In Bali prior to its subjugation by the Dutch, we had an agrarian society. This society was organised under a number of minor warlords who were constantly at one another's throats. The lord of Klungkung was the spiritual leader of these minor lords, but it seemed that he lacked much influence over them.Within the areas dominated by the lords, local organisations managed the land and the water, these local organisations were formed of all married men in a community. The courts certainly had officials, but these officials held their positions on the basis of caste, and everybody, in one degree or another, was a farmer.There seems not to have been the same societal characteristic of self promotion, but rather there was a more homogeneous society dominated by the necessity to cooperate in the sharing of resources in order to survive as a community.

In old Bali there was an earthy crudity to the society. Even into the early years of the 20th century, both before and after occupation by the Dutch, much of south Bali was characterised by gangs of toughs and hoodlums who preyed upon the unwary.Alchoholism, prevalent drug use, bashings, casual murders. Bali was not the ordered society of Jawa, dominated by the Dutch, and with its refined courts, its professional courtiers, and its rampant mysticism. The nature of Balinese society, and the magic within Balinese society was closer to the sympathetic and naturalistic magic of the older cultures of both mainland and maritime SE Asia, rather than to the refined magic which existed in Jawa, that owed much of its nature to both Islamic and European influences.

The keris in this society had the nature of weapon, but it was a weapon that could attain the status of an iconic symbol within a kin group, or at a state level.However, first and foremost it was a weapon, a tool for removing the life force from another human being.

This tool was ordered, purchased and owned by farmers, practical men who needed to conserve resources to survive from one year to the next.Such men do not disperse their limited resources upon those things that are not deemed to be essential.

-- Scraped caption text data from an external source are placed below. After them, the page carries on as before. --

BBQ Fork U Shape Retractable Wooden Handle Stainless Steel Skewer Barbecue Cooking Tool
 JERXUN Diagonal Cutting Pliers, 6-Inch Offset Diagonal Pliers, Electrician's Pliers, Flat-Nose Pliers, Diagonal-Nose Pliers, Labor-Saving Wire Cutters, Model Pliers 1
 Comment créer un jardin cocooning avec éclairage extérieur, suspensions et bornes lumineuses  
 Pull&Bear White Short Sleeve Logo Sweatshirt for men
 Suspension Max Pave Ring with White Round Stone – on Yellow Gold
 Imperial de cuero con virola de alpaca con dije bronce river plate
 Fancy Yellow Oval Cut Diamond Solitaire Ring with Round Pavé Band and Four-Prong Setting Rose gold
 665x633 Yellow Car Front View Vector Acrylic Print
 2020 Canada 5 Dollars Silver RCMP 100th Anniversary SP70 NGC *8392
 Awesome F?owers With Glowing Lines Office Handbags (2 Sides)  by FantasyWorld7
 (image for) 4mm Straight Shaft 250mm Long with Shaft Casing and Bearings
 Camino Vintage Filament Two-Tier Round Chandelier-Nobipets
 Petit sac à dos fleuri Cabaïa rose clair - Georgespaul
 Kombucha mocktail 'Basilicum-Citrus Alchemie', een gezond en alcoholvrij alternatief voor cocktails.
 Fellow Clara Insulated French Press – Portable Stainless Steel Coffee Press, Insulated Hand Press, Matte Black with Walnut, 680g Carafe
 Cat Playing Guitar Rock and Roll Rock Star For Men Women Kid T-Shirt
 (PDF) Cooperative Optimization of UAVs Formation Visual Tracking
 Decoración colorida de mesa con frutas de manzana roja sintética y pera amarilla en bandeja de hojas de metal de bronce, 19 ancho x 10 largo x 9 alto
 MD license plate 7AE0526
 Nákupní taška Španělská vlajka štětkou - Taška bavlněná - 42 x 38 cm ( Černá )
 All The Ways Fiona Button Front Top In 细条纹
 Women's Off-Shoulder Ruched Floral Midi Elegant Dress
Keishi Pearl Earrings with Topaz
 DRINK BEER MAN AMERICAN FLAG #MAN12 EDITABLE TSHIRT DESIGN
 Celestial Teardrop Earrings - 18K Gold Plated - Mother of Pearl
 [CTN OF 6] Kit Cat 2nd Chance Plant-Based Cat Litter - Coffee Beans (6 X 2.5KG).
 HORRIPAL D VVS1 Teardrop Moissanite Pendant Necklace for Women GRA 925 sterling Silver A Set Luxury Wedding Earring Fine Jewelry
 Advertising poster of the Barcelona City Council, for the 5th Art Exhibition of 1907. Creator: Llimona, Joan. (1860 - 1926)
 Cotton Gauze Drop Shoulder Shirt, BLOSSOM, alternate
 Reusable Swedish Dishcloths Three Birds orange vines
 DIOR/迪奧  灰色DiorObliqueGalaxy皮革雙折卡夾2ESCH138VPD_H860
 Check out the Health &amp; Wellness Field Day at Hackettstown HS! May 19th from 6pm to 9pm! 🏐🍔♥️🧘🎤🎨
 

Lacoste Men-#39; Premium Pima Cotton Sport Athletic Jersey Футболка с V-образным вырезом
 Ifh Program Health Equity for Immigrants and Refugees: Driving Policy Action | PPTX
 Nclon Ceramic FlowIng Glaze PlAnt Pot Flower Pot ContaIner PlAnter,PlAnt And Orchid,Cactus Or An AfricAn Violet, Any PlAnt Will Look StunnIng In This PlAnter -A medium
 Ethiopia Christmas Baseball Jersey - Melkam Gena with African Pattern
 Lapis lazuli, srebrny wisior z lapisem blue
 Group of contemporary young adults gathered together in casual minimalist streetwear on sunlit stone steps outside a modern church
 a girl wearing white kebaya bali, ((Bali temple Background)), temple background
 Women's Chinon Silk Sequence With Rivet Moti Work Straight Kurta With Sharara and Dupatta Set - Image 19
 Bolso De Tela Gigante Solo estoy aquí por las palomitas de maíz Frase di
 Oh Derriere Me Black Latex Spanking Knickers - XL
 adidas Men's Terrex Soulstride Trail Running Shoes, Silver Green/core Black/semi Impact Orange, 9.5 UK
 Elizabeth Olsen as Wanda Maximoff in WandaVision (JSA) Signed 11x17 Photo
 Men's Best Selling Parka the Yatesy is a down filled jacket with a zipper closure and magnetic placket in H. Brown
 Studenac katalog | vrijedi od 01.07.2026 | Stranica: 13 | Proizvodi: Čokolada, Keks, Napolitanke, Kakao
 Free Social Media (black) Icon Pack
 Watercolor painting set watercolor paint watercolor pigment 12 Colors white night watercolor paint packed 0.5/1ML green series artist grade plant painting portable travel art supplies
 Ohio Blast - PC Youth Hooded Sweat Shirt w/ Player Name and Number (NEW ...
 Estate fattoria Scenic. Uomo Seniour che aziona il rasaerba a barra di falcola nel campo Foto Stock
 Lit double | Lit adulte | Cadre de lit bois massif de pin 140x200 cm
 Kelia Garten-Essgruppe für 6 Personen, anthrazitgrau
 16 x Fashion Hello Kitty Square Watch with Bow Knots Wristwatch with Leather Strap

The fitting of a gonjo costing more than was necessary, to a tool intended for use against other human beings was not a necessary expense. It was an extravagance.This absence of extravagance in the Balinese keris is further evidenced by the most common forms of Balinese keris hilt, and Balinese wrongko. On all counts, the most common form of Balinese keris is a simple, pragmatic tool for ending human life.

It is not claimed that the plain black gonjo is an unvarying feature of the Balinese keris, but it is claimed that it is a feature that occurs more often than does the feature of a keris with pamor.

In any society there are more people with limited resources than people with excess resources. Those with excess resources in old Balinese society may have indulged themselves a little by having a gonjo with pamor on their kerises. However, I believe it is obvious that those with restricted resources felt no need to use any of those resources on the additional cost of a gonjo bearing pamor.

That, essentially, is my argument.
I am not locked into this opinion, and I am more than ready to change my opinion if it can be shown by either logical argument, or by evidence, that this opinion is wrong.